Twijfelachtige informatie gebruikt in strafprocessen
ACHTERGROND - In strafprocessen wordt steeds meer informatie gebruikt die niet door politie en justitie is verzameld en waarvan de herkomst onduidelijk is. Dat schrijft Sven Brinkhoff in het proefschrift waarop hij onlangs in Nijmegen promoveerde.
Brinkhoff doelt daarmee op informatie uit externe bronnen zoals inlichtingendiensten, kliklijnen, privédetectives of ‘datamining’. Het is vaak niet duidelijk hoe die informatie is verzameld en of die rechtmatig is verkregen. Volgens Brinkhoff brengt het het gebruik van dergelijke informatie grote risico’s met zich mee. ‘Onschuldige burgers kunnen op basis hiervan te maken krijgen met ingrijpend overheidsoptreden’ volgens Brinkhoff.
Twijfel over de betrouwbaarheid van informatie doet afbreuk aan de kwaliteit van de rechtspraak. ‘Politie, officier van justitie en strafrechter doen er goed aan een kritische houding aan te nemen ten aanzien van dit soort anonieme en daardoor oncontroleerbare externe informatie. Een anonieme melding rechtvaardigt niet altijd een aanhouding of een privacyschendende doorzoeking van een woning.’ Hij dringt aan op meer wettelijke mogelijkheden om de de rechtmatigheid van de verzameling van anonieme externe informatie te toetsen.

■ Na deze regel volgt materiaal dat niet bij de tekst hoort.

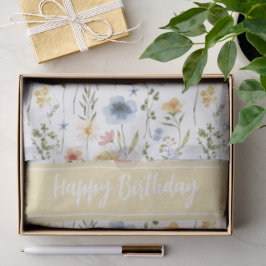 Papel De Seda Nome da Flor Silvestre Aquarela Azul Amarelo Rosa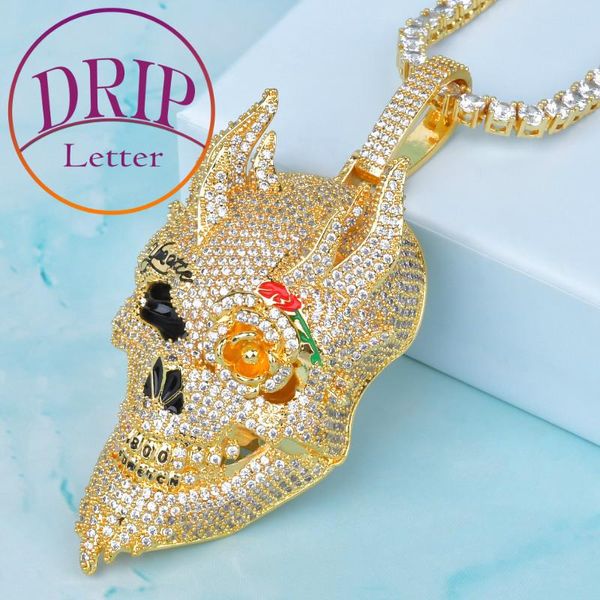 skull men's pendant rose flower eye gold color cubic zirconia hip hop plated necklace rock jewelry necklaces, Silver
skull men's pendant rose flower eye gold color cubic zirconia hip hop plated necklace rock jewelry necklaces, Silver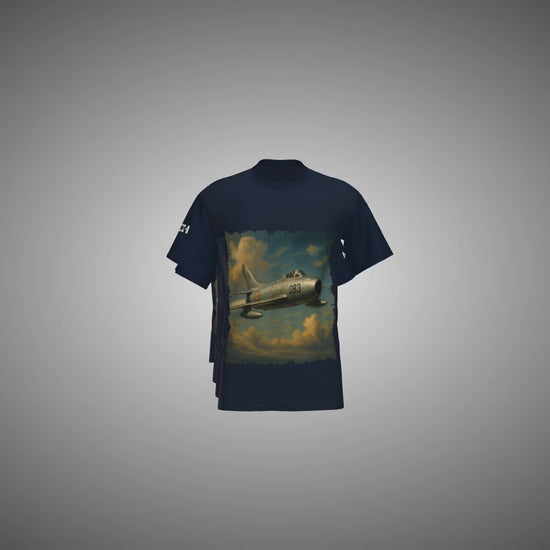 Navy Blue Airplane Printed T-shirt
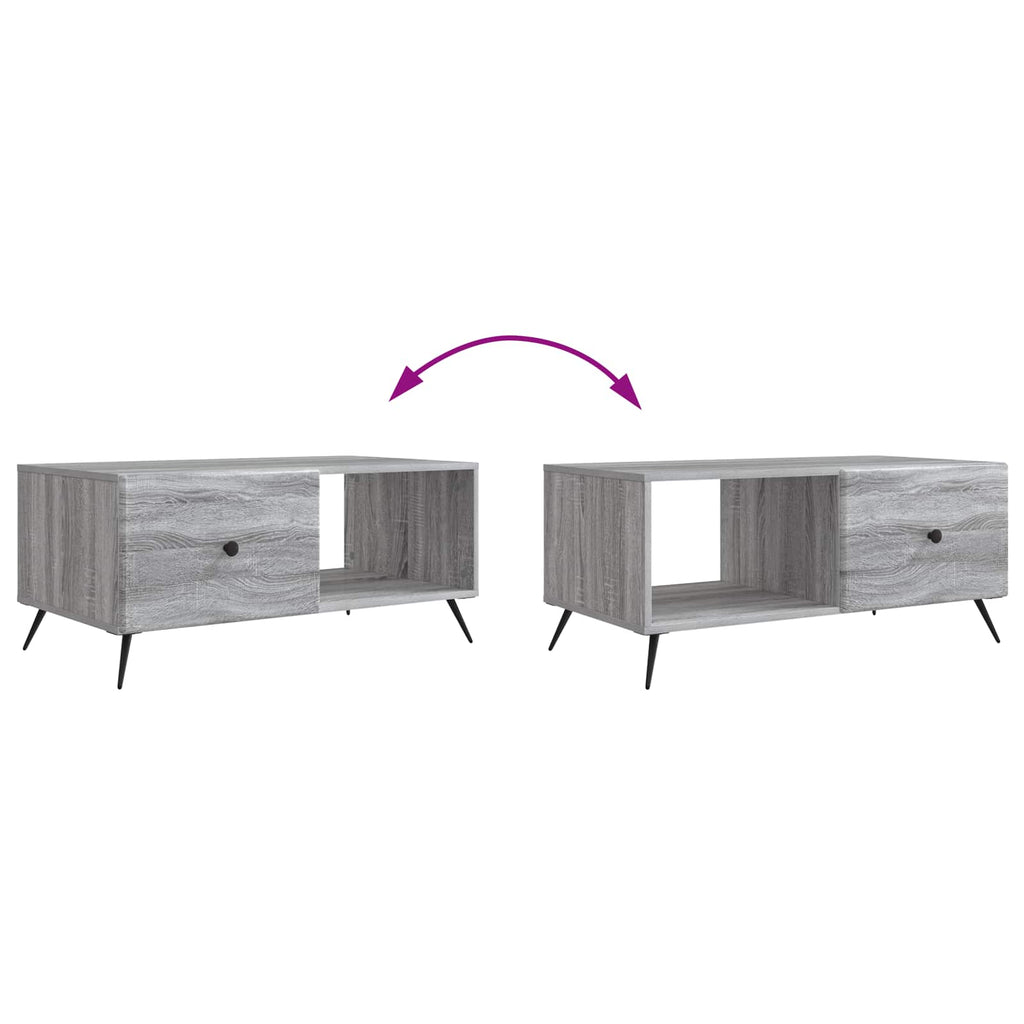 vidaXL Stolik kawowy Szary Sonoma 90 x 50 x 40 cm Drewno inżynieryjne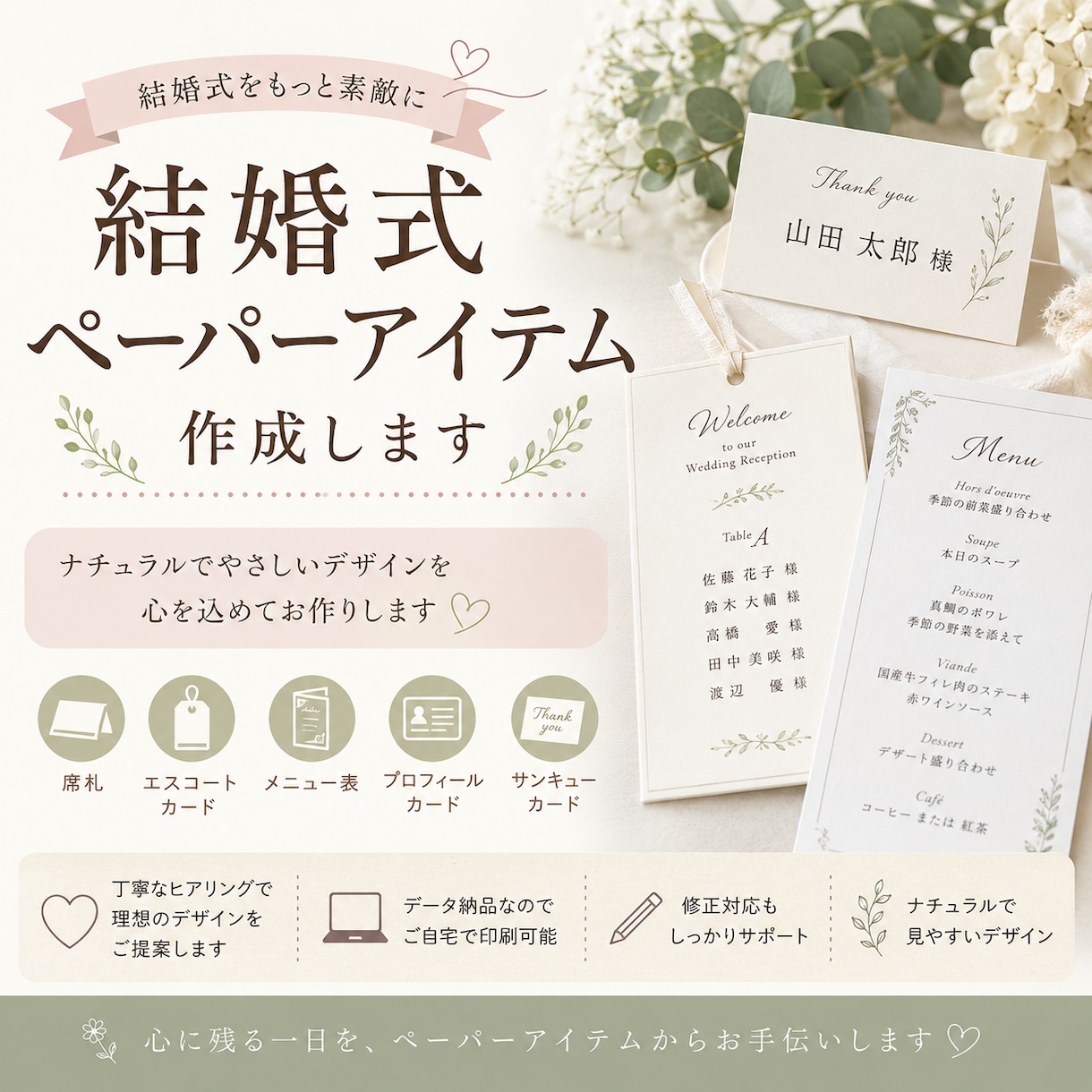 結婚式ペーパーアイテム作成します 席札・エスコートカードなど、結婚式アイテムを丁寧に作成します イメージ1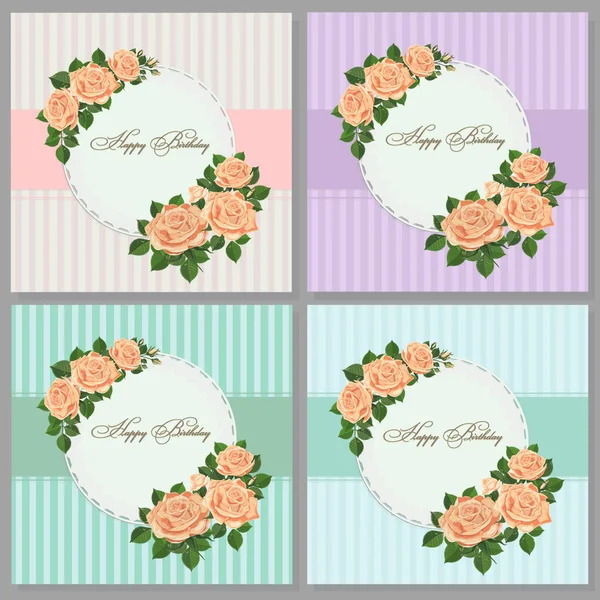 Conjunto de tarjeta con rosa flor, hojas. Conjunto de tarjetas de cumpleaños, póster, plantilla, tarjetas de felicitación, flor, ilustraciones vectoriales, elementos de diseño aislados en blanco — Vector de stock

Openbaarheid van informatie is cruciaal in een strafproces. Alle betrokkenen moeten weten op welke informatie een verdenking en vervolgens een strafproces is gebaseerd. En op grond van ondeugdelijke informatie kan iemand niet veroordeeld worden. Het is niet zelden een aanknopingspunt voor advocaten om hun cliënt vrij te pleiten.